## TASK DIRECTIONS
Could you return each line from the one bearing "estmonnn online show from 11.06.25" through the last line of the entries, exactly as it stands, with no pictures?

┄┄┄┄┄┄┄┄┄┄

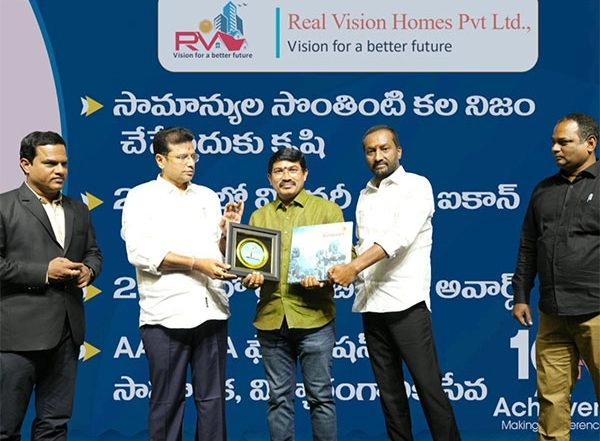 Business News | Dr. Srinivas Naik Dharavath Recognized as an Ace Achiever 2024 by 10TV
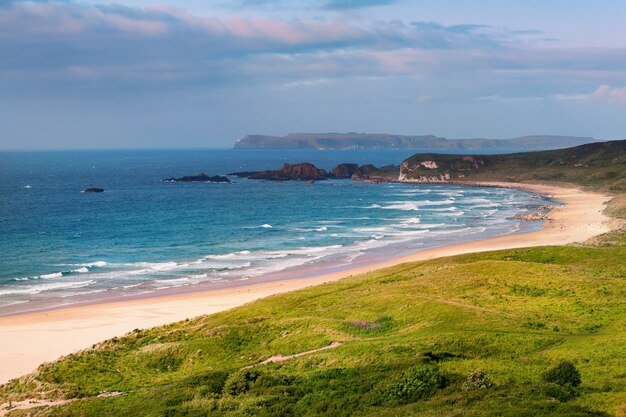 Panorama de White Park Bay, Ballycastle, comté d'Antrim, Irlande du Nord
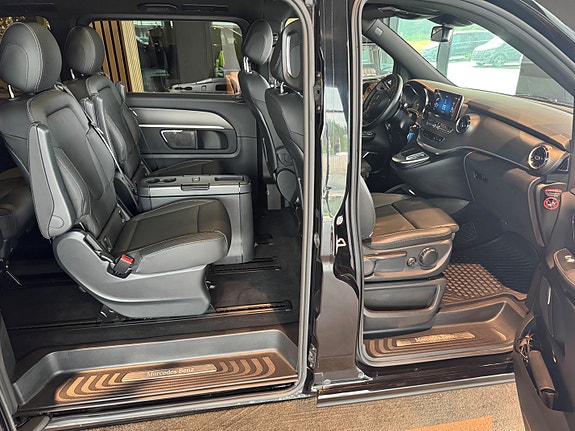 Mercedes-Benz V300 13 of 23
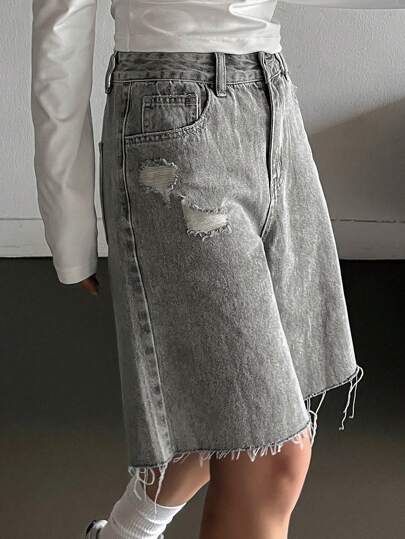 【関税＆送料込み】Fendi Ff Chambray Denim Shorts Women's Denim Shorts With Frayed Hem And Pockets｜DAZY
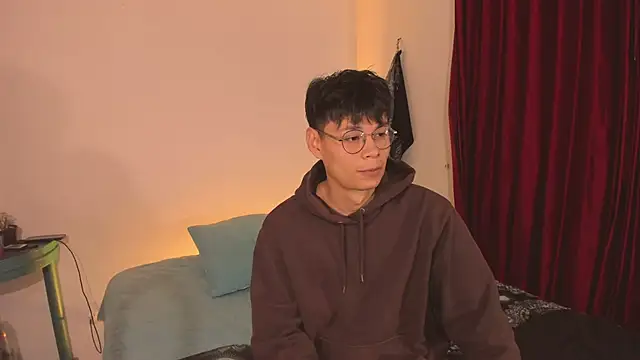 estmonnn online show from 11.06.25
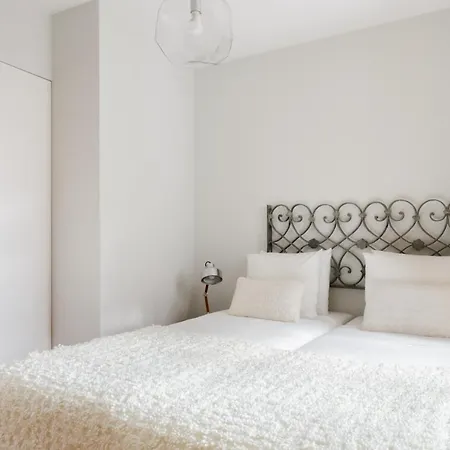 Chiado Rooftop Retreat: 19th Century Charm With River Views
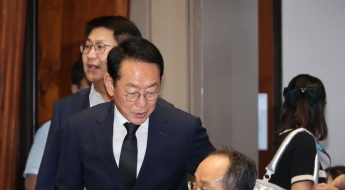 특검, '계엄 해제 방해' 추경호 전 국힘 원내대표 자택·의원실 압수수색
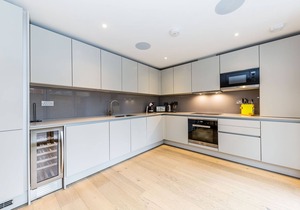 Lux St James Apartment Terrace Central London FREE WIFI - by City Stay London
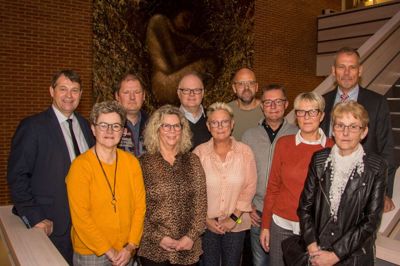 Fra venstre er det borgmester Ib Lauritsen, Karin Schnedler, John Lund Kristensen, Helle Clement Andersen, Troels Richter, Inge Dinis, Torben Horshauge, Leo Vad, Hanne Myllerup, kommunaldirektør Flemming Storgaard og Tove Sørensen. Foto: Privatfoto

┄┄┄┄┄┄┄┄┄┄

## RESPONSE
 estmonnn online show from 11.06.25
 Chiado Rooftop Retreat: 19th Century Charm With River Views
 특검, '계엄 해제 방해' 추경호 전 국힘 원내대표 자택·의원실 압수수색
 Lux St James Apartment Terrace Central London FREE WIFI - by City Stay London
 Fra venstre er det borgmester Ib Lauritsen, Karin Schnedler, John Lund Kristensen, Helle Clement Andersen, Troels Richter, Inge Dinis, Torben Horshauge, Leo Vad, Hanne Myllerup, kommunaldirektør Flemming Storgaard og Tove Sørensen. Foto: Privatfoto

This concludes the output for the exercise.